====== Available data ======

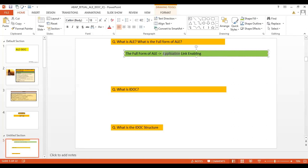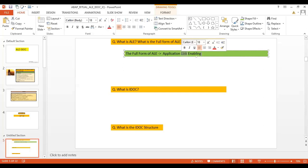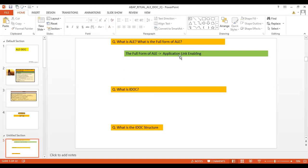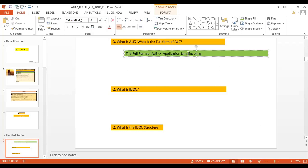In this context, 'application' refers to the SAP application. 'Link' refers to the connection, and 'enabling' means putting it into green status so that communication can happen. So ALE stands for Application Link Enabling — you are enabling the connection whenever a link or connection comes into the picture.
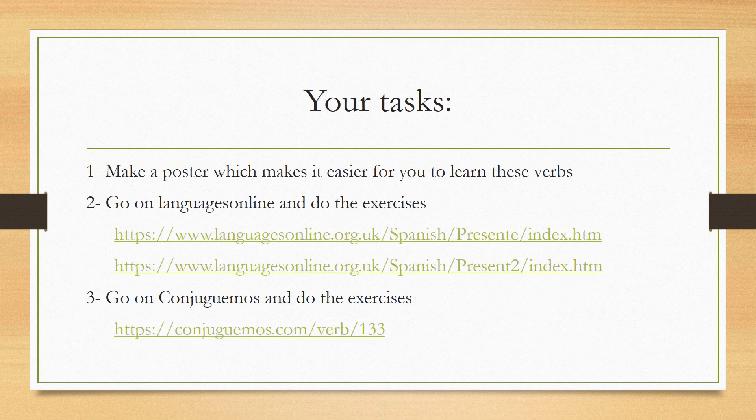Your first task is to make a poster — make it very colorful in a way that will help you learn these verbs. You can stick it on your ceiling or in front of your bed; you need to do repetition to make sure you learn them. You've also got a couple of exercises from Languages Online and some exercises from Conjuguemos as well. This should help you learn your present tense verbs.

======
====== Available data ======

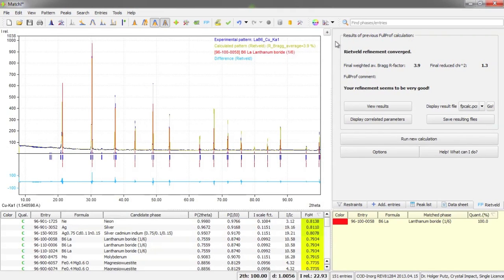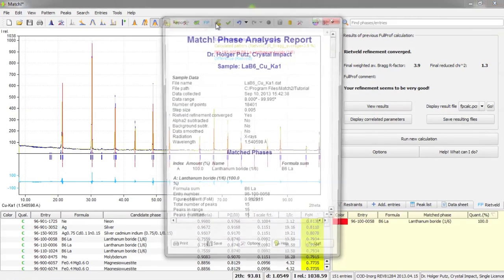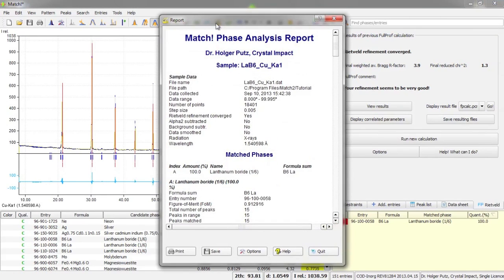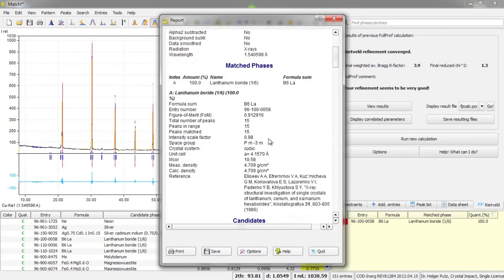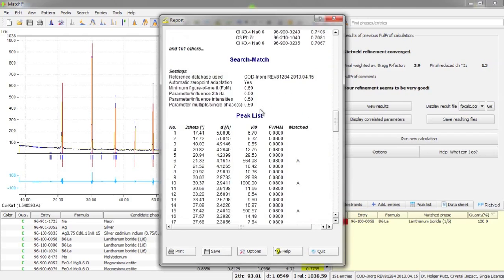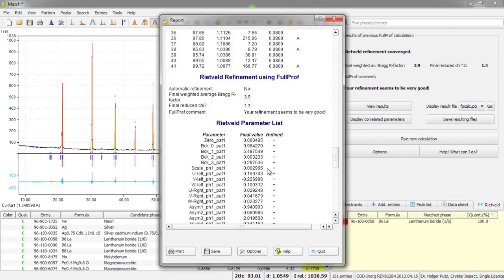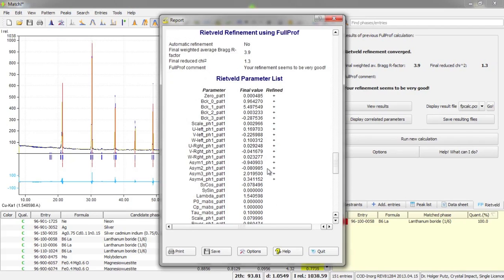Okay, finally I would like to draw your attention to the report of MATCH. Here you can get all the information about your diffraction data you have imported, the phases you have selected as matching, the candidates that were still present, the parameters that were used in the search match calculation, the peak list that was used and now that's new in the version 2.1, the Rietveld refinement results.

======

## Work request
Set down word for word the lines above from the one with "In this context, 'application'" up to and including the one with "Your first task". Omit every picture.

## Expected answer
In this context, 'application' refers to the SAP application. 'Link' refers to the connection, and 'enabling' means putting it into green status so that communication can happen. So ALE stands for Application Link Enabling — you are enabling the connection whenever a link or connection comes into the picture.
Your first task is to make a poster — make it very colorful in a way that will help you learn these verbs. You can stick it on your ceiling or in front of your bed; you need to do repetition to make sure you learn them. You've also got a couple of exercises from Languages Online and some exercises from Conjuguemos as well. This should help you learn your present tense verbs.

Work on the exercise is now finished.